Resort owners handed in their conditional use permit and preliminary plat application on Oct. 21, just three days after Judge Eric Hylden of the Minnesota Sixth District Court in Duluth issued an “order to maintain status quo” at the resort, stopping all work related to the applications until a scheduled hearing on the pair of lawsuits on Nov. 27.
The owners of the property proposed to renovate the resort’s motel, build a new lodge, construct 49 quarter-fraction timeshare cabins, install 15 new docks, and make other improvements.
A grassroots opposition made up of local residents and landowners formed a new nonprofit called Community Advocates for Responsible Development, or CARD, and filed a lawsuit opposing the applications, arguing that Lake County had violated state law in granting the applications. The Minnesota Department of Natural Resources filed its own lawsuit on similar grounds.
Summary judgment
With the permits now surrendered, both Lake County and the Silver Rapids Resort filed motions for summary judgment with Judge Hylden seeking dismissal of the cases as moot.

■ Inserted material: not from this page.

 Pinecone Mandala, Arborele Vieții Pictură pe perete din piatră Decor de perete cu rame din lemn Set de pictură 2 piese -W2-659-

The language from Silver Rapid’s motion summarized their thinking on the applications and the motions to dismiss the lawsuits: “(The) defendant is confident that the county’s approvals were properly issued but lacks the time to wait for the exhaustion of claims attacking those approvals. So, it surrendered those approvals on Oct. 21… and intends to pursue a course different from the applications that led to those approvals by pursuing improvements allowed under existing rights or a scaled down project with fewer units.”
A summary judgment is a decision in a case issued by a judge when none of the facts in a case are contested. A civil case, such as the ones filed here, usually goes to a trial when facts in a case are contested by one or more parties to a suit and the parties are unable to negotiate a settlement.
Summary judgment motions must be filed in Minnesota 28 days before a judge can decide on them. All four motions were filed on the last possible day for Judge Hylden to issue a summary judgment on the two lawsuits on Nov. 27.
Fallout
The decision by developers to reconsider their plans for the Silver Rapids site is a victory for local residents, who had strongly opposed the plan as proposed. While most told county officials during the one public hearing on the matter this past summer that they supported redevelopment of the property, they balked at the scale of the project and the potential impact it might have.
Over 400 area residents had signed a petition last summer seeking the completion of an environmental assessment worksheet, or EAW, a process that likely would have clarified the issues surrounding the number of units that could be built on the property. The conditional use permit approved by Lake County appears to have exceeded the number of units allowed under county ordinance by nearly double, and that fact became a central point in the litigation filed to stop the development.
“This is what happens when local government doesn’t listen to its constituents,” said Hudson Kingston, chief legal counsel for the nonprofit group CURE. Kingston assisted local residents in petitioning for an EAW, but the county ultimately rejected the position.
“The petition we presented would have prevented any need for a lawsuit,” said Kingston. “CURE hopes that the county will be more responsive to its constituents and will follow the law in the future.”